Dogs with combination coats generally require routine trimming. It lessens the chances of matting, tangles and the infestation of fleas and other pests, thus reducing the risk of skin infections. There is no set timetable. Judgment should be made on an individual basis, depending on functionality and owner preference. There are a wide array of trimmers available that will make each snip a snap. It’s a good idea to take your dog for a short walk to calm him down before you groom him. Thoroughly brush the coat to remove tangles and mats. Use trimmers to trim excess fur off the dog's body, choosing the appropriate clip attachment to achieve desired length. Start with the shoulders and progress towards the tail. Use a trimmer or a scissors to even out areas around the tail, paws, sanitary areas and chest, as needed.

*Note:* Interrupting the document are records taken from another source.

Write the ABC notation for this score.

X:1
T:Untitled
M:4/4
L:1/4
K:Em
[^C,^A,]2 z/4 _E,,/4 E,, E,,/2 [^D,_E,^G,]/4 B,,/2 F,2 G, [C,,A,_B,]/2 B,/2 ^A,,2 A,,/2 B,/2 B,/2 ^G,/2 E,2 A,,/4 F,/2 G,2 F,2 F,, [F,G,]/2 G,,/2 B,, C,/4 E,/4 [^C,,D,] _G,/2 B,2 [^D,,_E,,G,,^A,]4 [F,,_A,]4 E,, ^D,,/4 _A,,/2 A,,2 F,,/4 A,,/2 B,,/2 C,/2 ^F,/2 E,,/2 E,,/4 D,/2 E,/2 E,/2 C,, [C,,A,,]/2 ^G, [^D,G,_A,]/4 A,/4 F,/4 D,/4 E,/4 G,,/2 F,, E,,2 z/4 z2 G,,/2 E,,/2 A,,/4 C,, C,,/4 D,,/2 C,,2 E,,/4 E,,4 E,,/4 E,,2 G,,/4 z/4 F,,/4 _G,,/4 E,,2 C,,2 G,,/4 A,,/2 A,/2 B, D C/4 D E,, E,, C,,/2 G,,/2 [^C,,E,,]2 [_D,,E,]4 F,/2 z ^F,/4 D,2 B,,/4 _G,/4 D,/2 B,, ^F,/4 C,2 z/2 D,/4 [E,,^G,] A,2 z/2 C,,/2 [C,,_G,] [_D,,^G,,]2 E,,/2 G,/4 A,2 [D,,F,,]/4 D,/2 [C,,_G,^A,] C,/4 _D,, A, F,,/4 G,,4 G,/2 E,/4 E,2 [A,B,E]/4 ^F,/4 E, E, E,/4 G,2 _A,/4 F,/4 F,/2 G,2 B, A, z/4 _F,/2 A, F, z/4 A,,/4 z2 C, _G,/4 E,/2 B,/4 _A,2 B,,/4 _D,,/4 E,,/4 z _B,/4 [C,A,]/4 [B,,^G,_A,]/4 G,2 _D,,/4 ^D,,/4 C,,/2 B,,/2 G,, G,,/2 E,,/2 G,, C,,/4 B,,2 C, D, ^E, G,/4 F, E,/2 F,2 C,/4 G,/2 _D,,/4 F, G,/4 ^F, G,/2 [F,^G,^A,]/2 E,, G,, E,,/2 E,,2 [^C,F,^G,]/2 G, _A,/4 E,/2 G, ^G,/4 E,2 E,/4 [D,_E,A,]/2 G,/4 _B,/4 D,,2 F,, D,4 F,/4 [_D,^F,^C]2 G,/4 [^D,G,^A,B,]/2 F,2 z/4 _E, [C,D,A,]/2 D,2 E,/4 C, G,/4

Groom the head and face last, being watchful for sudden movement. Trim with the flow of the fur, away from the eyes and nose.
Many dog owners are apprehensive about trimming their dog’s nails because they are nervous about cutting into the quick. But with the right conditioning and careful cutting, nail clipping can be a simple, stress-free activity for you and your dog.

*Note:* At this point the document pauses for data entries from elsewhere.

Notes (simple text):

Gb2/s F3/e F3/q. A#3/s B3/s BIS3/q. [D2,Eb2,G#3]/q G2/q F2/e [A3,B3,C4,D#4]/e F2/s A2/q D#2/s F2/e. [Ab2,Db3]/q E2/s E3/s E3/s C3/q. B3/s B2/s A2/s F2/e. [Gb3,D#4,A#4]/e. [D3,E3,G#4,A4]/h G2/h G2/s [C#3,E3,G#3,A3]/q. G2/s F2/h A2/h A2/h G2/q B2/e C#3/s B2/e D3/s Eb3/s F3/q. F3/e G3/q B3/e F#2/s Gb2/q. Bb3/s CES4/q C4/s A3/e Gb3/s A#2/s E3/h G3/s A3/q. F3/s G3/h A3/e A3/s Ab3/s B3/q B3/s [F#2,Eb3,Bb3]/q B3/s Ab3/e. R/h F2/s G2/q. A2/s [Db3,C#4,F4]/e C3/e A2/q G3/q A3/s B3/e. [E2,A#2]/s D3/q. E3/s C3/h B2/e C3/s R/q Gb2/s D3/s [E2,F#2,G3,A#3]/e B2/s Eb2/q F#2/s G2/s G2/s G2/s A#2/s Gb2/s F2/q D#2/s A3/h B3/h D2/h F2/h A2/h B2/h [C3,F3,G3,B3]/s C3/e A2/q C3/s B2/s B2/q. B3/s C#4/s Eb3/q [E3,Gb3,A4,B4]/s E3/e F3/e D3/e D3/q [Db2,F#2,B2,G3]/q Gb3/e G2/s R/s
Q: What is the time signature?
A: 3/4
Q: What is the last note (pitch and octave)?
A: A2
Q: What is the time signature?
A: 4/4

Provide your dog with plenty of positive reinforcement and even treats to help associate nail clipping with a positive experience. As you start to clip, gently press on your dog’s paws to help him become accustomed to the feeling of having his nails clipped. Then, work gradually, shaving down just a thin portion of the nail at first to make sure you don’t reach the quick. Clip one nail, reward your dog with a treat, and stop to give him some positive reinforcement before moving on. Gradually increase the number of nails you clip in one sitting to help your dog get used to the process. Never trim extremely long nails down to a short nail in one sitting, because this is an excellent way to accidently quick the dog’s nail. Instead, work gradually, shaving small portions of your dog’s nails off each time.
You can tell if you’re getting close to the quick by the texture of your dog’s nail. The nail is hard closer to the surface and becomes softer as you get closer to the quick. If your dog’s nail starts to feel softer, that’s a good indication that you’re getting close to the quick.

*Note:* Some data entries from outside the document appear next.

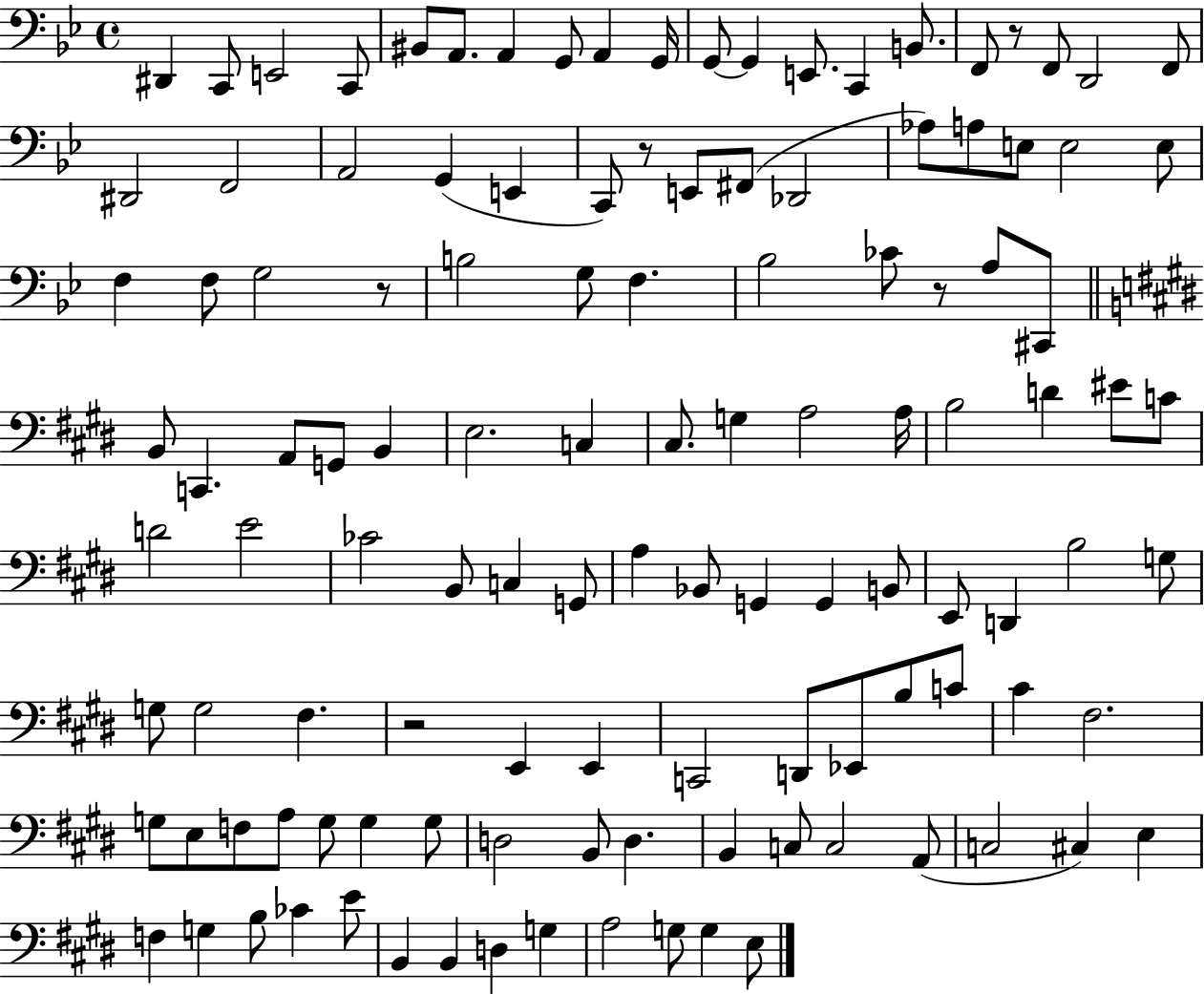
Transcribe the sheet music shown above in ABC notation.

X:1
T:Untitled
M:4/4
L:1/4
K:Bb
^D,, C,,/2 E,,2 C,,/2 ^B,,/2 A,,/2 A,, G,,/2 A,, G,,/4 G,,/2 G,, E,,/2 C,, B,,/2 F,,/2 z/2 F,,/2 D,,2 F,,/2 ^D,,2 F,,2 A,,2 G,, E,, C,,/2 z/2 E,,/2 ^F,,/2 _D,,2 _A,/2 A,/2 E,/2 E,2 E,/2 F, F,/2 G,2 z/2 B,2 G,/2 F, _B,2 _C/2 z/2 A,/2 ^C,,/2 B,,/2 C,, A,,/2 G,,/2 B,, E,2 C, ^C,/2 G, A,2 A,/4 B,2 D ^E/2 C/2 D2 E2 _C2 B,,/2 C, G,,/2 A, _B,,/2 G,, G,, B,,/2 E,,/2 D,, B,2 G,/2 G,/2 G,2 ^F, z2 E,, E,, C,,2 D,,/2 _E,,/2 B,/2 C/2 ^C ^F,2 G,/2 E,/2 F,/2 A,/2 G,/2 G, G,/2 D,2 B,,/2 D, B,, C,/2 C,2 A,,/2 C,2 ^C, E, F, G, B,/2 _C E/2 B,, B,, D, G, A,2 G,/2 G, E,/2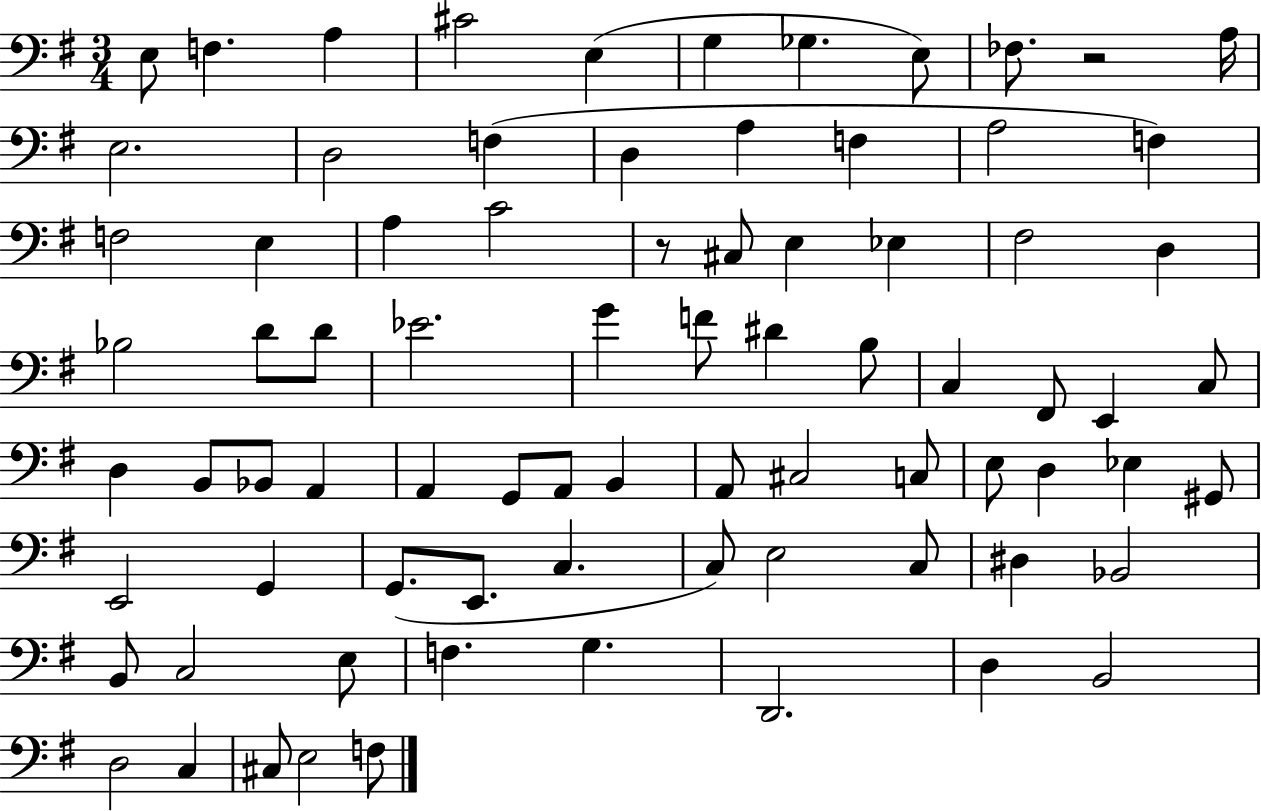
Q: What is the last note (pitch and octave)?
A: F3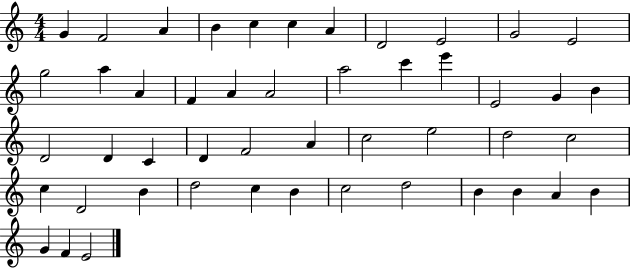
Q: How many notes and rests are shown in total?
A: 48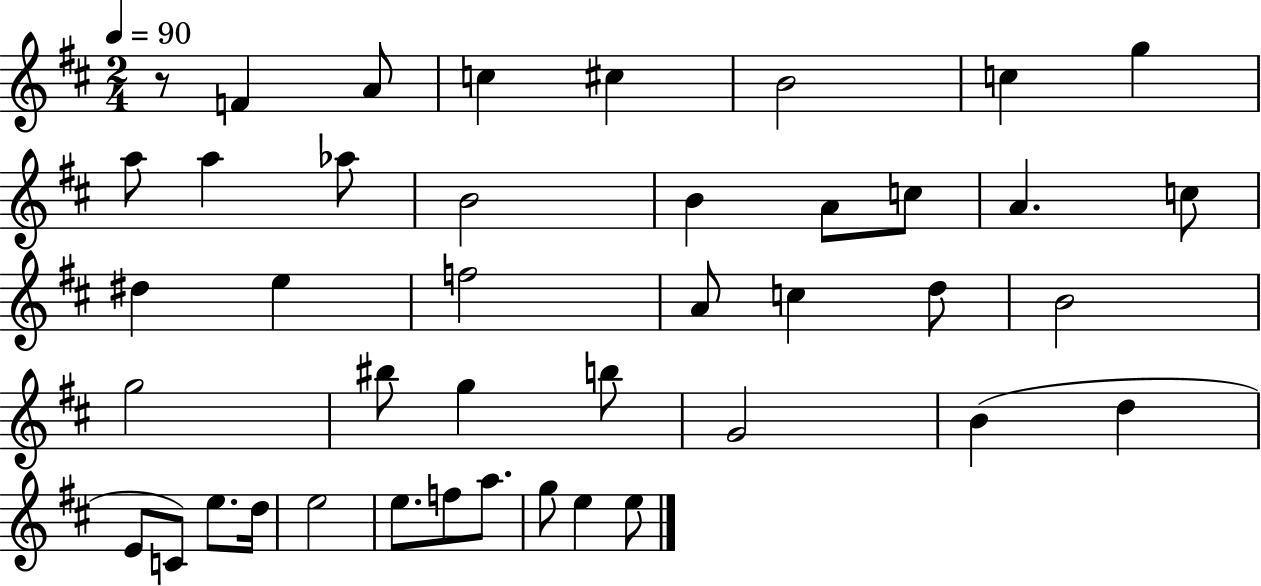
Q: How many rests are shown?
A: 1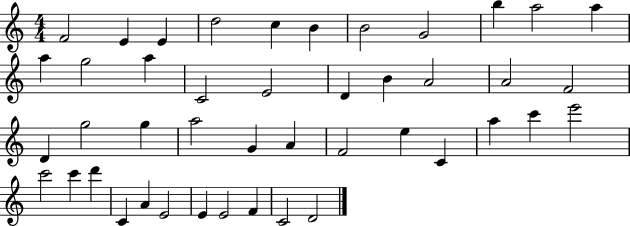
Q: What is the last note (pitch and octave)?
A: D4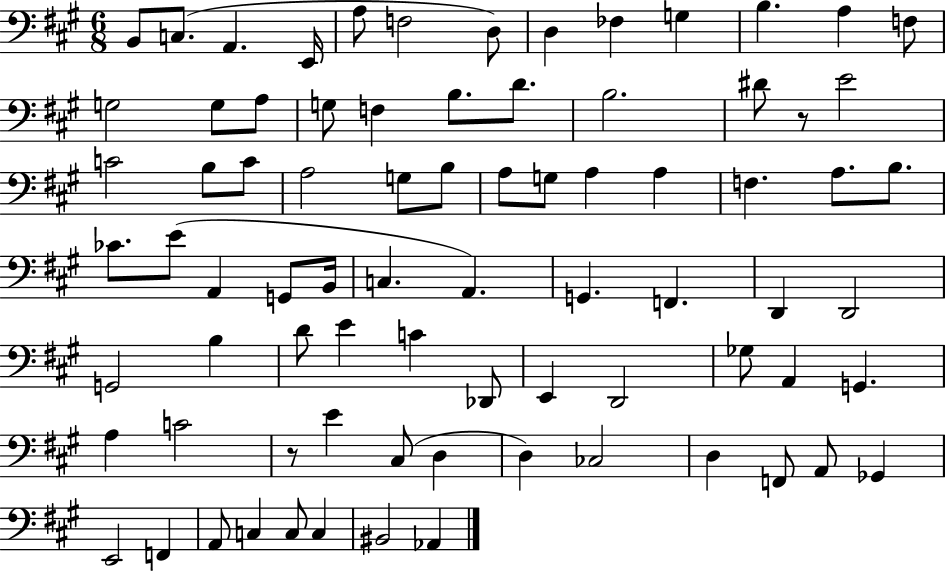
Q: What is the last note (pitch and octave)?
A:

Not all breeds and coat styles require routine trimming in and around the eyes and ears but all should undergo regular inspection and cleaning around these sensitive areas. Doing so will help prevent the development of infections that could seriously damage these amazing organs.
It is always important to routinely clean your dog's eyes and ears, and examine for potential infections. Small dogs, like Dachshunds, Cavalier King Charles Spaniels, Papillions and Japanese Chins, and dogs with hanging ears like the Saluki, have sensitive ears that need to be checked weekly for infection and cleaned with a cotton ball. Gently wipe a cotton ball moistened with mineral oil, olive oil or witch hazel in your dog's ear, being careful to avoid the ear canal. Never use a Q-Tip, which could cause damage to the inner ear if your dog suddenly shakes or jerks his head. Bushy hair growth within the ear can be thinned with tweezers or blunt scissors. Use a small trimmer to trim excess hair around the eyes, ears and face. Small dogs like Papillions and Cavalier King Charles Spaniels are prone to developing tear stains around their eyes, so clean around their eyes with a cotton ball or soft cloth and use a small trimmer to trim excess hair around their eyes.
Many owners do not realize how important it is to brush your pet’s teeth on a regular basis. Some dogs are prone to dental problems and sensitive teeth, especially small dogs with tiny teeth and dogs with special diets. These problems can be easily combatted with frequent brushing.
Cavities are rare with dogs but gum disease caused by tartar buildup is not, which is why they require regular brushing with toothpaste and a toothbrush formulated specifically for dogs. While daily brushing is ideal, doing so on a weekly basis will be a big help in avoiding the need to bring your dog to a veterinarian for a cleaning, which usually has to be done under sedation.